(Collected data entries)

⟨

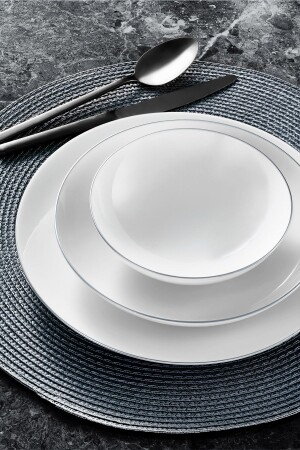 (منتز-آثينا) 18 قطعة عشاء عظميّة مجموعة لـ 6 أشخاص (الرزق) PR. 00000000GBSATN18Y130GD - Güral Porselen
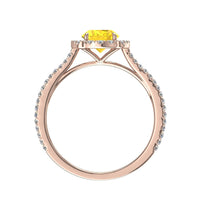 Solitaire saphir jaune ovale et diamants ronds 0.90 carat or rose Alida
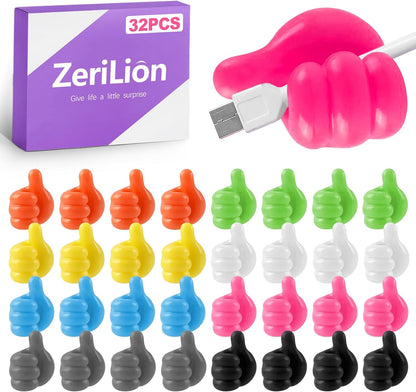 32 Pack Thumbs Up Wall Hooks, Self-Adhesive Silicone Clips for Cable Management, Key Holder, Desk Organizer, Fun Decorative Hooks for Office and Home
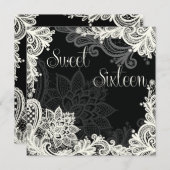 Antiek gelaatszwart zoet zestien-partijenuitnodigi kaart (Voorkant / Achterkant)
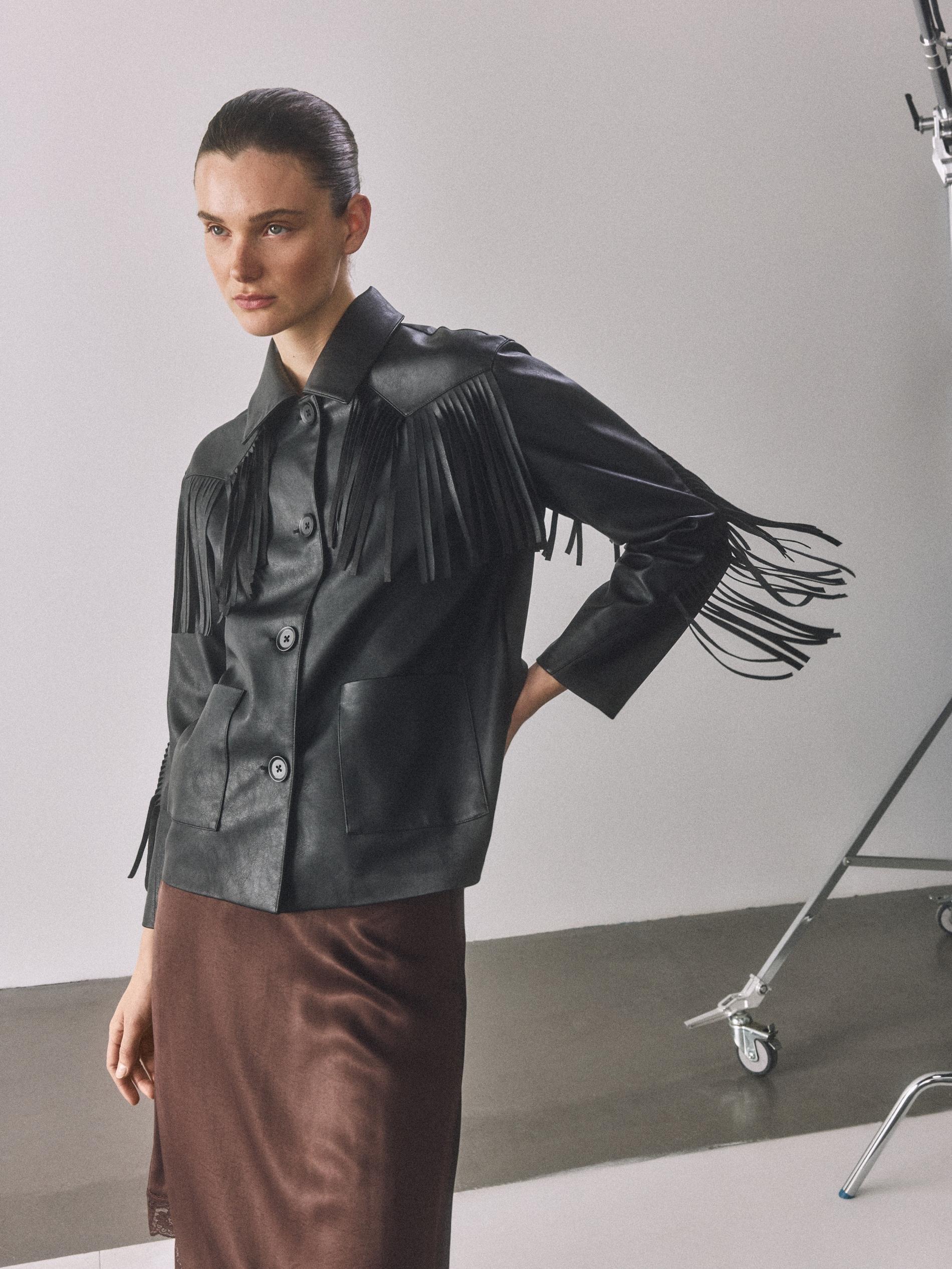 Black Jacket With Fringes, Black, large image number 5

⟩

> REQUIRED ACTION:
Please return the lines from the line with "Solitaire saphir jaune" through the last line of the data, both included, exactly, and without pictures.

> SOLUTION TO THIS PROBLEM:
 Solitaire saphir jaune ovale et diamants ronds 0.90 carat or rose Alida
 32 Pack Thumbs Up Wall Hooks, Self-Adhesive Silicone Clips for Cable Management, Key Holder, Desk Organizer, Fun Decorative Hooks for Office and Home
 Antiek gelaatszwart zoet zestien-partijenuitnodigi kaart (Voorkant / Achterkant)
 Black Jacket With Fringes, Black, large image number 5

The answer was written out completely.